Zulehner: Biblische Texte verpflichten

Der Wiener Pastoraltheologe Paul Zulehner kritisierte in diesem Zusammenhang die Haltung des ungarischen Primas Kardinals Peter Erdö, der sich seiner Meinung nach nicht deutlich genug gegen die restriktive Asyl-Politik der ungarischen Regierung gestellt hatte. Zulehner: „Es gibt biblische Texte, die uns verpflichten, Asylanten aufzunehmen.“ Er befürchte, dass hinter den zögerlichen Aussagen Erdös die Angst stehe, dass zu viele Muslime nach Ungarn kommen und diese die christliche Kultur des Landes bedrohen könnten.

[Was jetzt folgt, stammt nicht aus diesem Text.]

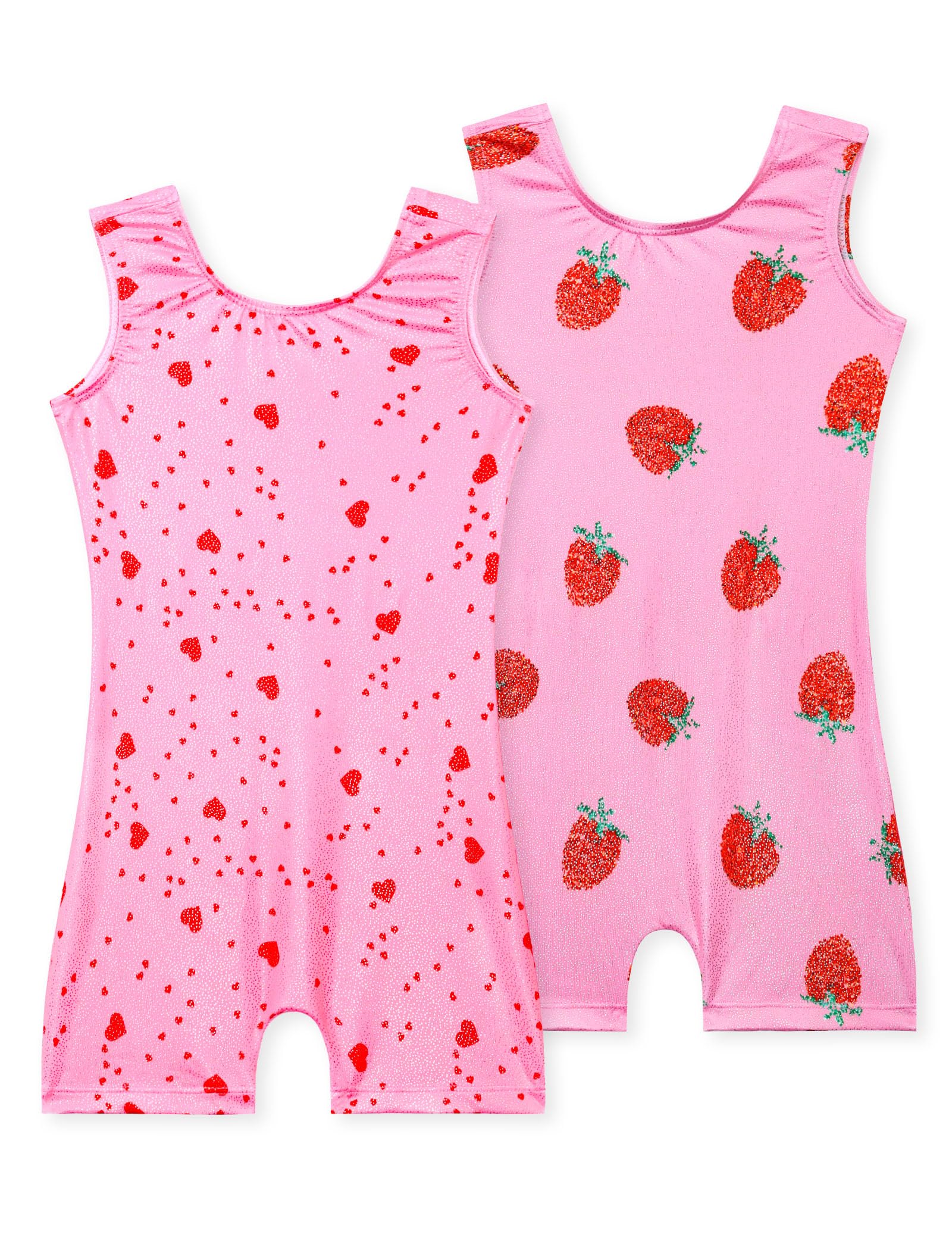 2 Pack Leotard for Girls Gymnastics Sparkly Sleeveless Unitards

Zulehner wies darauf hin, dass die Vertriebenen schwer traumatisiert seien. Ihnen dabei zu helfen, Fuß zu fassen, wäre „eines Europas wert. Dazu braucht es eine ganz konkrete und überschaubare Politik, damit die Menschen sehen: ‚Wir schaffen das.‘“ Zulehner verwies auf die Worte von Flüchtlingskoordinator Christian Konrad, der unlängst wieder gesagt habe, dass Österreich stark genug sei, dieses Problem Schritt für Schritt zu meistern. „Das ist, glaube ich, eine gute Politik.“

Herkunftsländer wieder aufbauen

Die Zielländer der Flüchtlinge hätten aber auch das Recht, zu wissen, wer kommt. Es brauche kontrollierte Verfahren zur Identifizierung jener, die tatsächlich Kriegsflüchtlinge seien. Alle anderen sollten in ihr eigenes Land zurückgehen „und es mit unserer Hilfe aufbauen“.

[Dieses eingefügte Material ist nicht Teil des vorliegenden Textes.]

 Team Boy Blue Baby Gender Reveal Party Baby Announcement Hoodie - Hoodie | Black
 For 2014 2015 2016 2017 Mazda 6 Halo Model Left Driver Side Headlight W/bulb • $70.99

Die Podiumsdiskussion fand im Rahmen der Veranstaltungsreihe „Kirche - Idee und Wirklichkeit“ statt. „Die Kirche befindet sich im Umbruch, die Kirche wird neu“, sagte der Theologe Hubert Philipp Weber, Sekretär des Wiener Erzbischofs Kardinal Christoph Schönborn. Die derzeit kommenden Flüchtlinge zeigten Wesentliches auf: „Die Flüchtlinge die kommen, sind Christus im Armen. Das zeigt den Gemeinden, was jetzt zu tun ist.“ Die Migration werde die Gesellschaft verändern. Muslime, aber auch Christen anderer Konfessionen würden immer mehr. Das stelle auch die Ökumene vor neue Herausforderungen, so Weber.

Der Ehrenpräsident der Eugen-Biser-Stiftung, Richard Heinzmann, sagte, Christentum realisiere sich nicht aus „Sätzen, die man glaubt, sondern in der Wirklichkeit in der man handelt, nämlich aus christlicher Nächstenliebe hier in dieser Welt“.